YOUR ASSIGNMENT: Return, from the material below, each line in which the word "Dress" is present.

SUPPLIED INFORMATION:
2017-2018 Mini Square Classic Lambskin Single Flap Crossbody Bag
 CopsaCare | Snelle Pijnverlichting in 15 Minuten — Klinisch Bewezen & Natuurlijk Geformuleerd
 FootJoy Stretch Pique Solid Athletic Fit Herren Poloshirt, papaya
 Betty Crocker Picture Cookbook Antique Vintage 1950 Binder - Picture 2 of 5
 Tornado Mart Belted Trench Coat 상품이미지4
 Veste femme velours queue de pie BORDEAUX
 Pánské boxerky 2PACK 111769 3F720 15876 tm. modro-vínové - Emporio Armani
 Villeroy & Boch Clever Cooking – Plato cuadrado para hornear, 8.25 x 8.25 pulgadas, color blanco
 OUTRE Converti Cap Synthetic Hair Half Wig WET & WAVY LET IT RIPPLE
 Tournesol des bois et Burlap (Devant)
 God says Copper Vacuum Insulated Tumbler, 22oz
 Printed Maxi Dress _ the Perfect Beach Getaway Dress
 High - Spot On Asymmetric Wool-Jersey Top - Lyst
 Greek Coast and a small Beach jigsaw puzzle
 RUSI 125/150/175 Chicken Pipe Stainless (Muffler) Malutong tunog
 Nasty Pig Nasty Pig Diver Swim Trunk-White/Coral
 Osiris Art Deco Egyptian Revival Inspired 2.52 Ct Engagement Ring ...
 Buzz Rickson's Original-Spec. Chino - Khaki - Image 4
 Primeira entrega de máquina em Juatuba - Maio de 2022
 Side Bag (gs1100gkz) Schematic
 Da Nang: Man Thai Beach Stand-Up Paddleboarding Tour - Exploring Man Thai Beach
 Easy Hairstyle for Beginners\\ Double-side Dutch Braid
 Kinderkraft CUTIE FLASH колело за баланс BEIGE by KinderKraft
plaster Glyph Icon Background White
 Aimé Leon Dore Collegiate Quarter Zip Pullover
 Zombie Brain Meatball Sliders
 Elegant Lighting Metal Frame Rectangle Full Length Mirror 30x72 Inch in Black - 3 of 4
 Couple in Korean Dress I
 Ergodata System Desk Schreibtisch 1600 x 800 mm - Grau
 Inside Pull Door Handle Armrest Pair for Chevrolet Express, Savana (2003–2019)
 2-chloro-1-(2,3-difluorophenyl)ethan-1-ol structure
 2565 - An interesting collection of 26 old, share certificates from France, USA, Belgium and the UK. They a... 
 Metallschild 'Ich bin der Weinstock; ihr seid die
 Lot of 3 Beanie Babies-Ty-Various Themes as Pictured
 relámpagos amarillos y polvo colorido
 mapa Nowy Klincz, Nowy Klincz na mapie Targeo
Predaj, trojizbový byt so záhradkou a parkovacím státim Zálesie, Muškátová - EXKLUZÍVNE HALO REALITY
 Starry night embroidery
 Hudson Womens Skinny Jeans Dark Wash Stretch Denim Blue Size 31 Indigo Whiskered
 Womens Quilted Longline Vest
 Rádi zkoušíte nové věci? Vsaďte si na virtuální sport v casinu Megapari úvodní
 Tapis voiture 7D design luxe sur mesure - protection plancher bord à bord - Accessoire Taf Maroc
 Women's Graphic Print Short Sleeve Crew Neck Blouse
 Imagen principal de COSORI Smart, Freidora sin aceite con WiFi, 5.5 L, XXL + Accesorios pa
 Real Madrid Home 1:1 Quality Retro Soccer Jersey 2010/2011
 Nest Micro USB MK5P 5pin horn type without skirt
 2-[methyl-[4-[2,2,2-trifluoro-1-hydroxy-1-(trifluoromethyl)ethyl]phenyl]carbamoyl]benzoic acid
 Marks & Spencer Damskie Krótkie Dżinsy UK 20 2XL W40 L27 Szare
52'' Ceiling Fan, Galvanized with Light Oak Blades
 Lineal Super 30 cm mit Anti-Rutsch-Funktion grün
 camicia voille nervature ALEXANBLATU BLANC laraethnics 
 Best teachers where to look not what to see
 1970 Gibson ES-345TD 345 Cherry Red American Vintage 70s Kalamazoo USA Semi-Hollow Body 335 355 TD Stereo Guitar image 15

WRITTEN ANSWER:
 Printed Maxi Dress _ the Perfect Beach Getaway Dress
 Couple in Korean Dress I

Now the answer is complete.